The Train Driver Story*

Posted by JSYL on Saturday, April 25, 2009 in
This story is about a train driver who drove up and down the same railway track all day, every day, for many years. As you can imagine, it was a pretty monotonous and lonely job. He had no one to talk to, and nothing much to look at except the surrounding countryside outside the windows.

One day he looked out and noticed a sparklingly new white cottage. Out the front of the cottage there stood a sprawling rose garden. The roses were big and red and perfectly shaped - they were, in fact, the most beautiful roses the train driver had ever seen. A little girl noticed him passing and smiled sweetly and waved, and the train driver waved back. Once, her mother was outside playing with her, and they both waved to him as he passed.

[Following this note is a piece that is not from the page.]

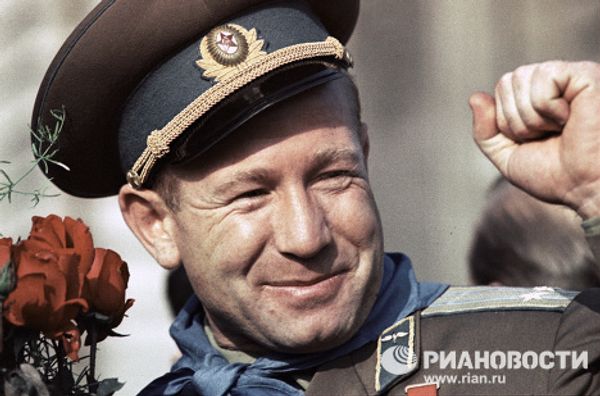 Alexei Leonov – the first person to walk in space - Sputnik International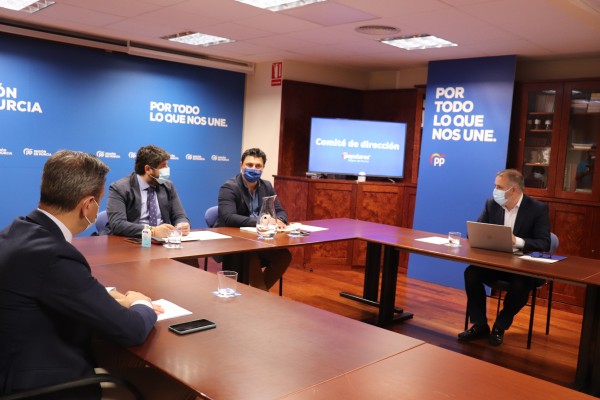 El PP murciano, con Miras a la cabeza, se echa a la calle para recoger firmas contra los indultos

The train driver began to look forward to the moment in his day when he would pass the white cottage. Most days, the girl and her mother would be there to wave at him, and he soon felt a kind of close connection to the pair. Over the years, their meetings grew less frequent, but on the days when they were there, the train driver watched as the little girl grew older, and became a young woman, yet smiled at him just as warmly as when he had first seen her.

Finally, the day came when the train driver retired, and he moved to a town a little way off from the cottage. He often missed his daily ritual of passing the cottage and the girl and her mother, and at last decided to pay them both a visit. But when he arrived, he was surprised when he came to the front door.

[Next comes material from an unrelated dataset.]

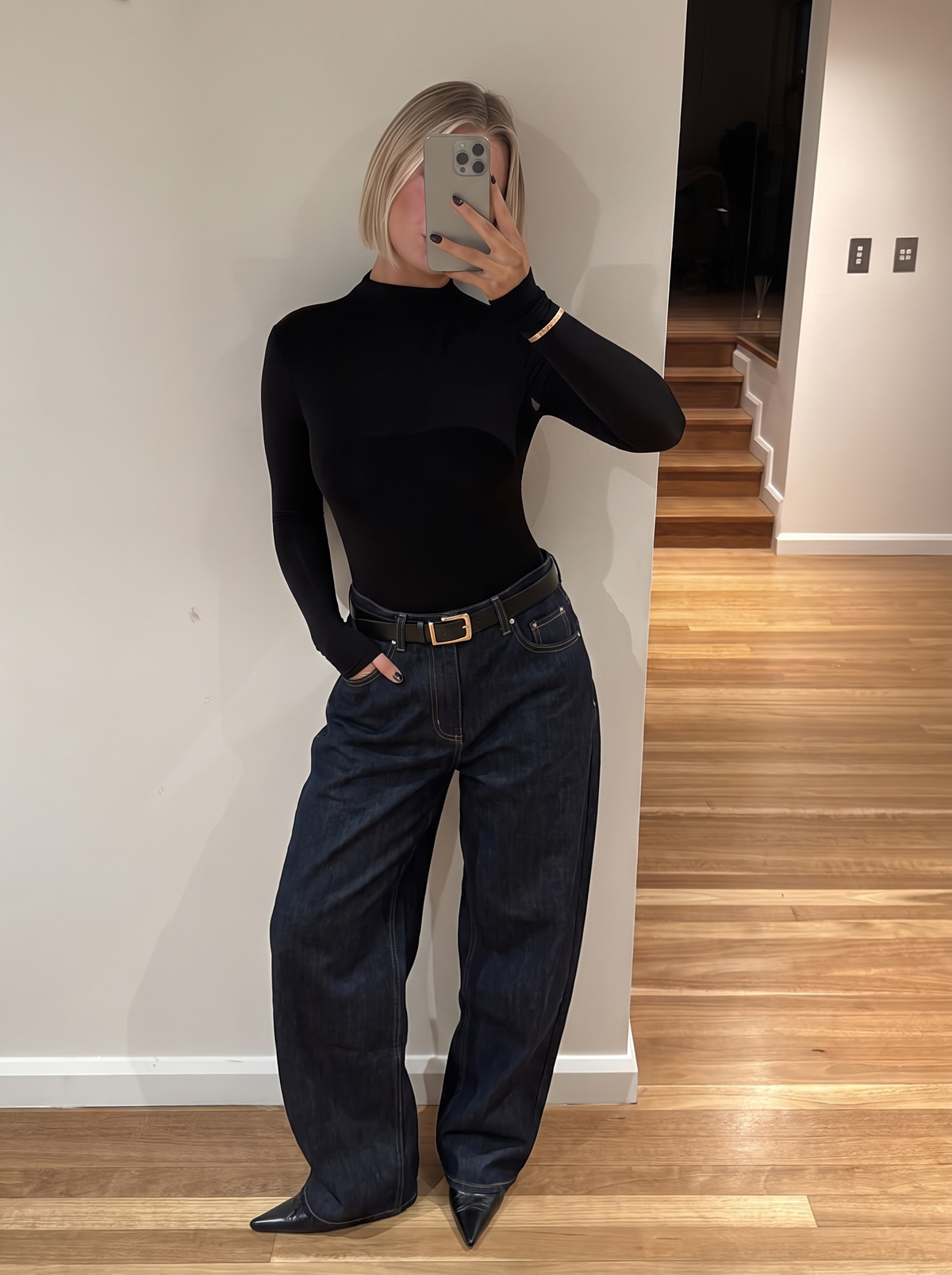 ARC — BARREL LEG JEANS — barrel leg jeans styled with black top, mirror outfit view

Up close, the cottage was not nearly as white and clean as he had remembered.

The roses in the garden were not as large or as beautiful as the ones he had passed each day.

And when the mother and daughter met him, they were a bit puzzled as to who he was. When the train driver had explained himself, they invited him inside for a cup of tea, but were not nearly as warm and open to him as he had hoped, and he soon left as quickly and politely as he could.

I felt sorry for the train driver when I first heard this story, because he had developed this friendship with the mother and her daughter in his mind over the years, only to be bitterly disappointed after all that time. But then I realised that it was his own fault. He had built up this illusion in his mind of perfection, that was not real. It was just an illusion.

I think the same can be said for many things - the tragedy is entirely our own making.

*As told to JSYL by someone pretty wise.